**TASK OBJECTIVE:** In the records below, the lines between the one holding "Bőr tapintású háttok" and the one holding "Cute baby kawaii", inclusive, are to be transcribed exactly; no pictures are to be included.

**EXERCISE MATERIAL:**
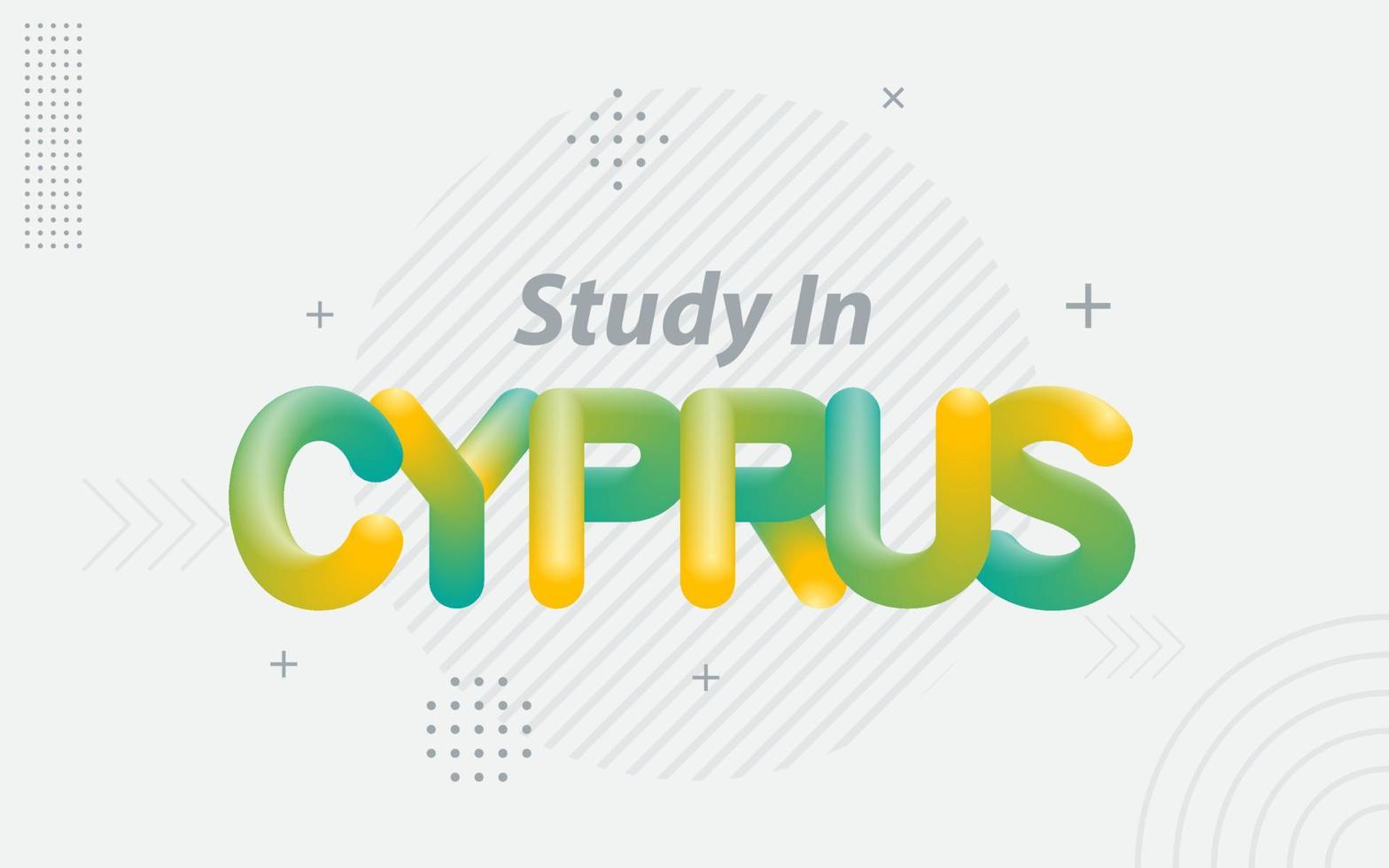estudar em Chipre. tipografia criativa com efeito de mistura 3d vetor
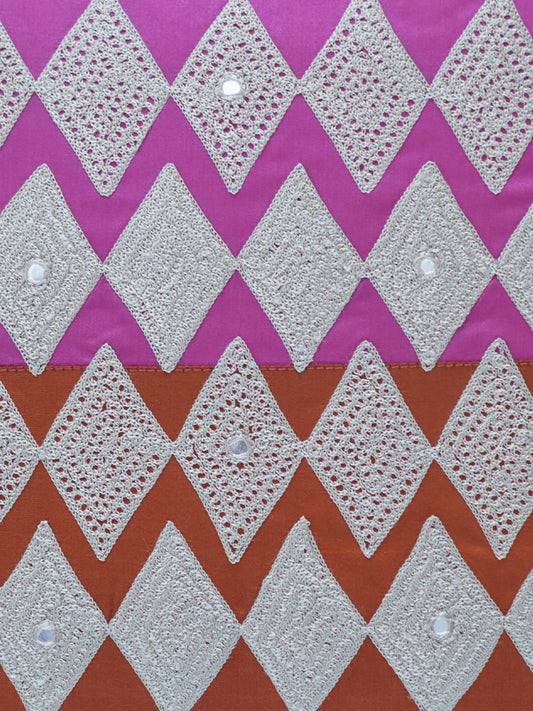 Embroidered Taffeta Patchwork Cushion Cover 16 Inch x 16 Inch | Pink & Brown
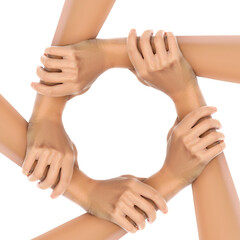 Making circle of human hands on white background. Unity, partnership, cooperation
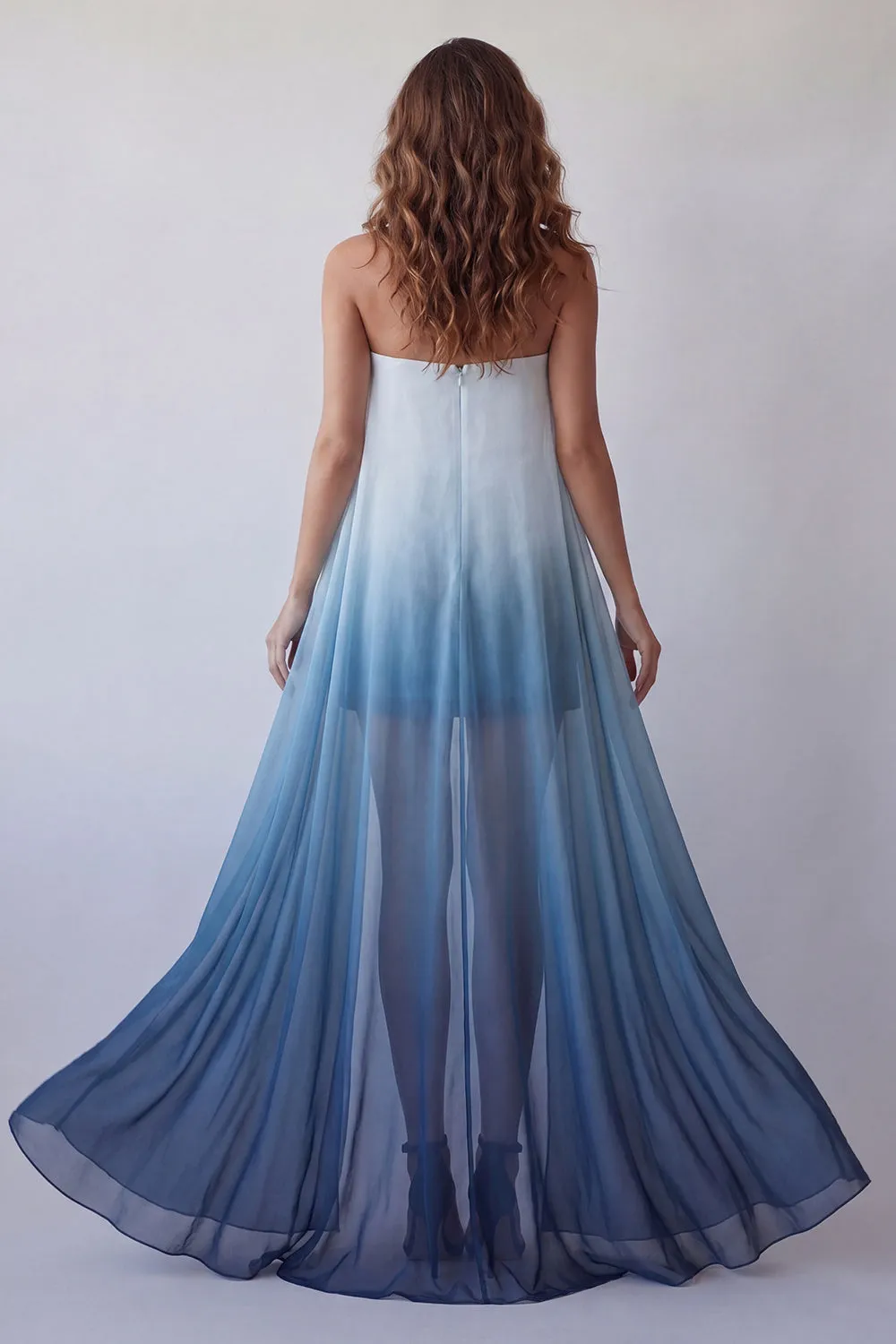 Lake Blue Chiffon Strapless Bodycon Mini Formal Dress sold by Zapaka product image thumbnail 2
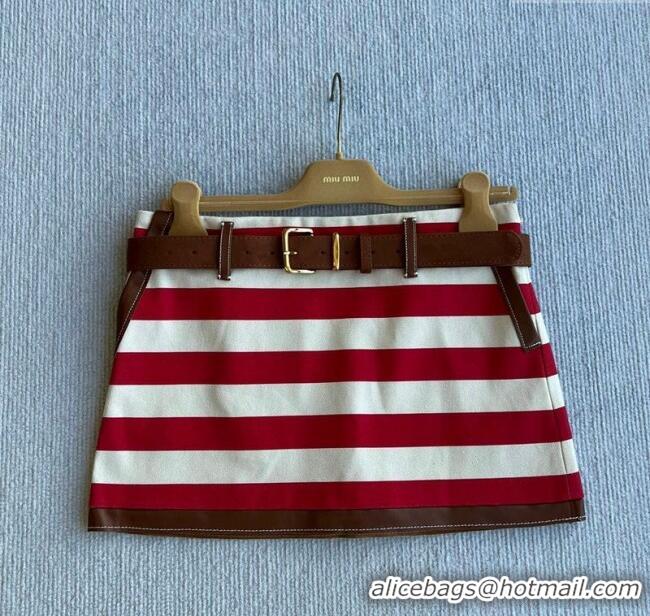 Luxury Cheap Miu Miu Striped Mini Skirt 1015 Red 2025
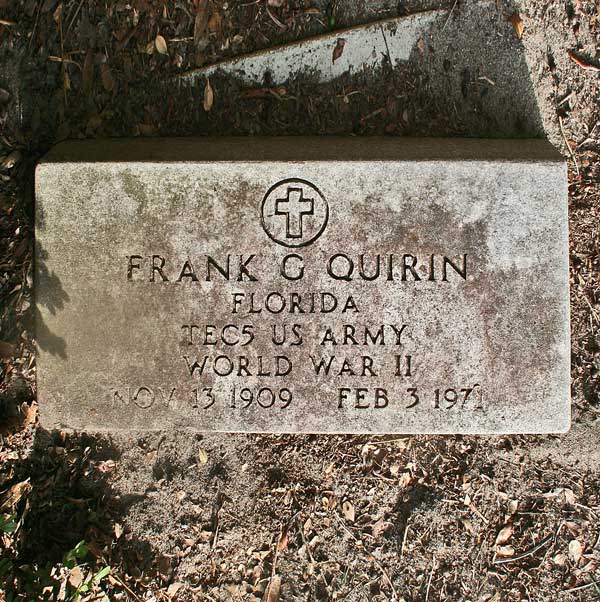 Frank G. Quirin Gravestone Photo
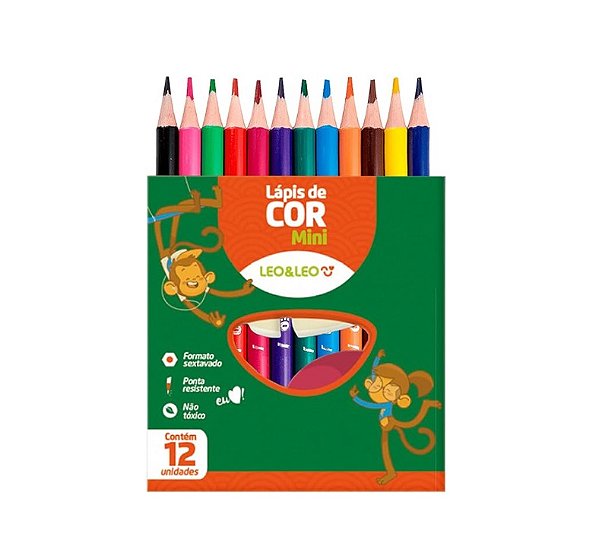 LAPIS DE COR 12 CORES  RESINA REDONDO LEO E LEO - 4693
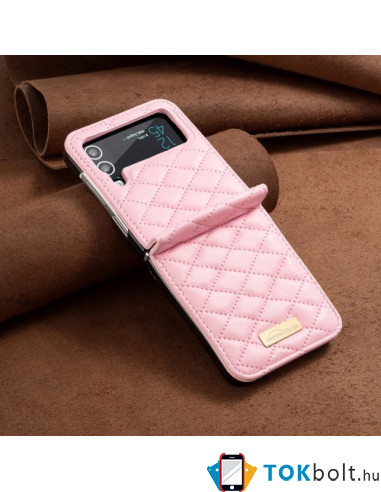 Bőr tapintású háttok Samsung Galaxy Z Flip4 5G készülékhez - RÓZSASZÍN
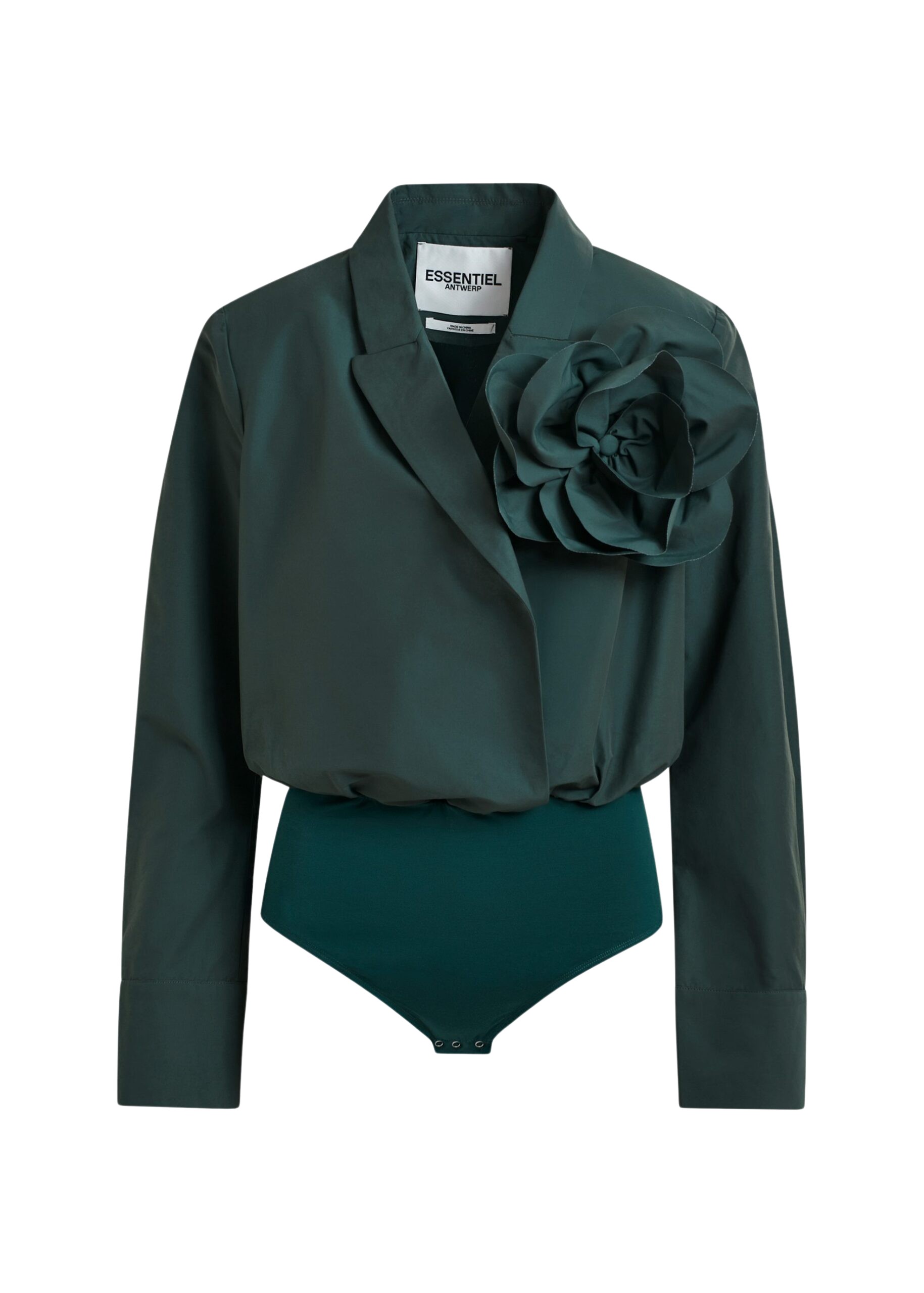 Essentiel Antwerp Dark teal green bodysuit with self-fabric flower - Essentiel Antwerp Bodysuit - Colorful Belgian Design - Shop at Coveti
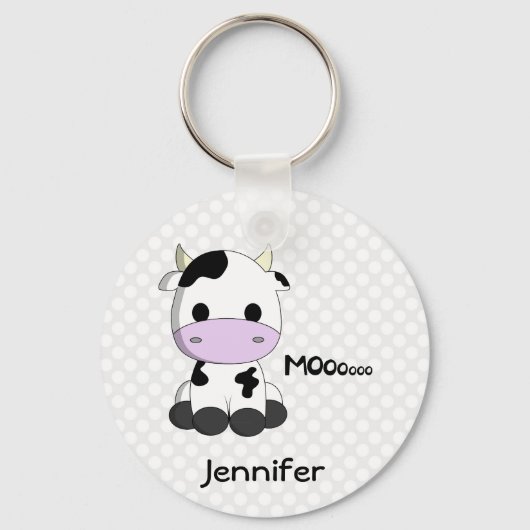 Cute baby kawaii cow cartoon with name kids schlüsselanhänger (Vorderseite)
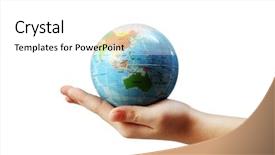 Presentation with green globe - PPT theme with green planet - globe in the palm background and a white colored foreground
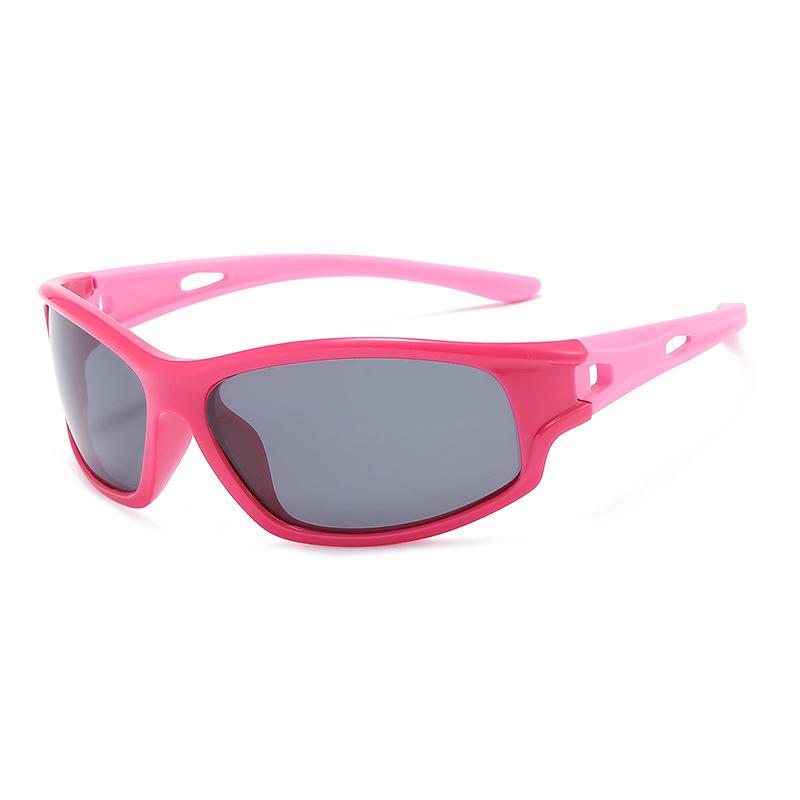 Youth Outdoor Sports Sunglasses Children's Soft Silicone Polarized Silver Cycling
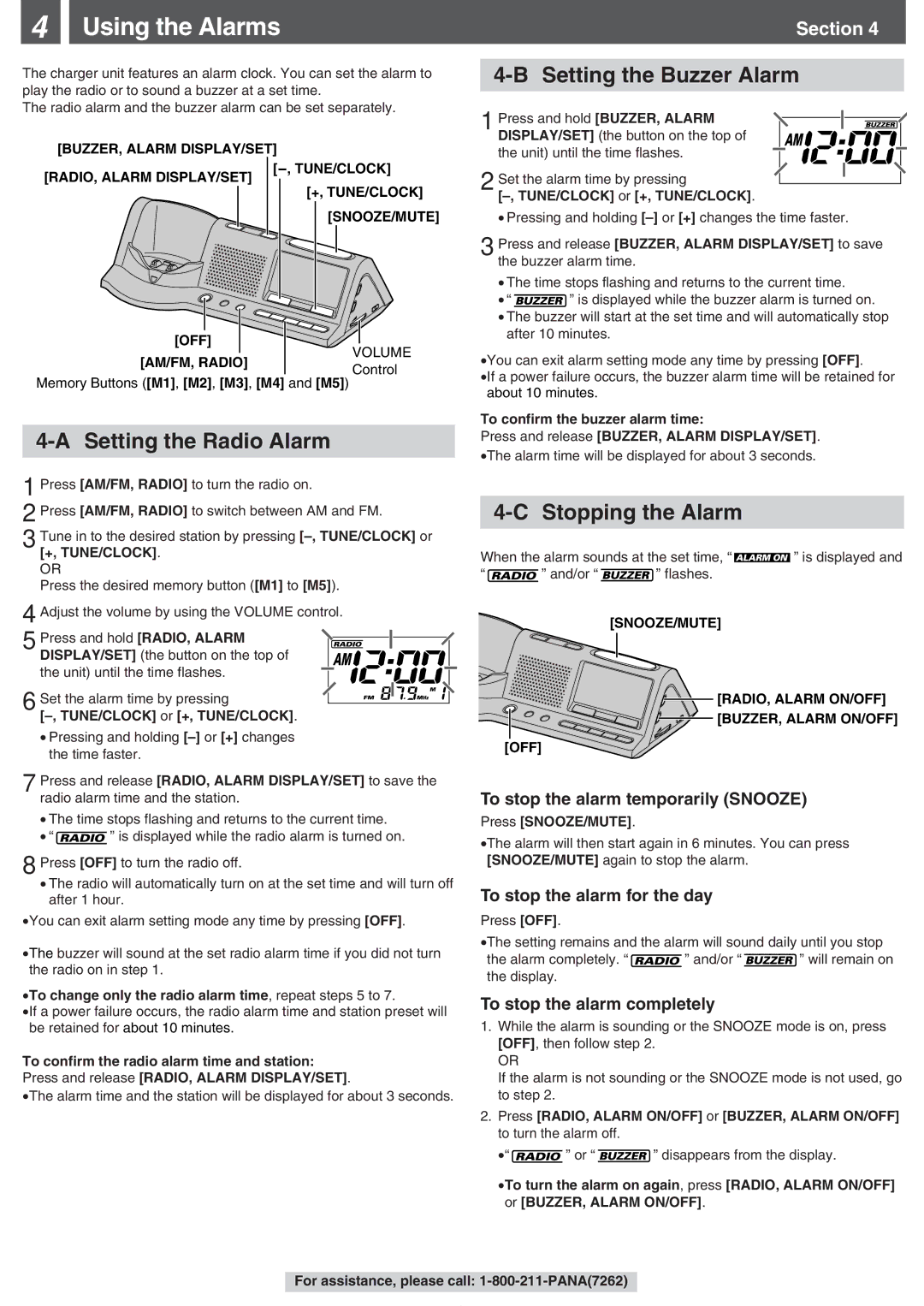 Panasonic KX-TGA273S Using the Alarms, Setting the Buzzer Alarm, Setting the Radio Alarm, Stopping the Alarm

**SOLUTION TO THIS PROBLEM:**
 Bőr tapintású háttok Samsung Galaxy Z Flip4 5G készülékhez - RÓZSASZÍN
 Essentiel Antwerp Dark teal green bodysuit with self-fabric flower - Essentiel Antwerp Bodysuit - Colorful Belgian Design - Shop at Coveti
 Cute baby kawaii cow cartoon with name kids schlüsselanhänger (Vorderseite)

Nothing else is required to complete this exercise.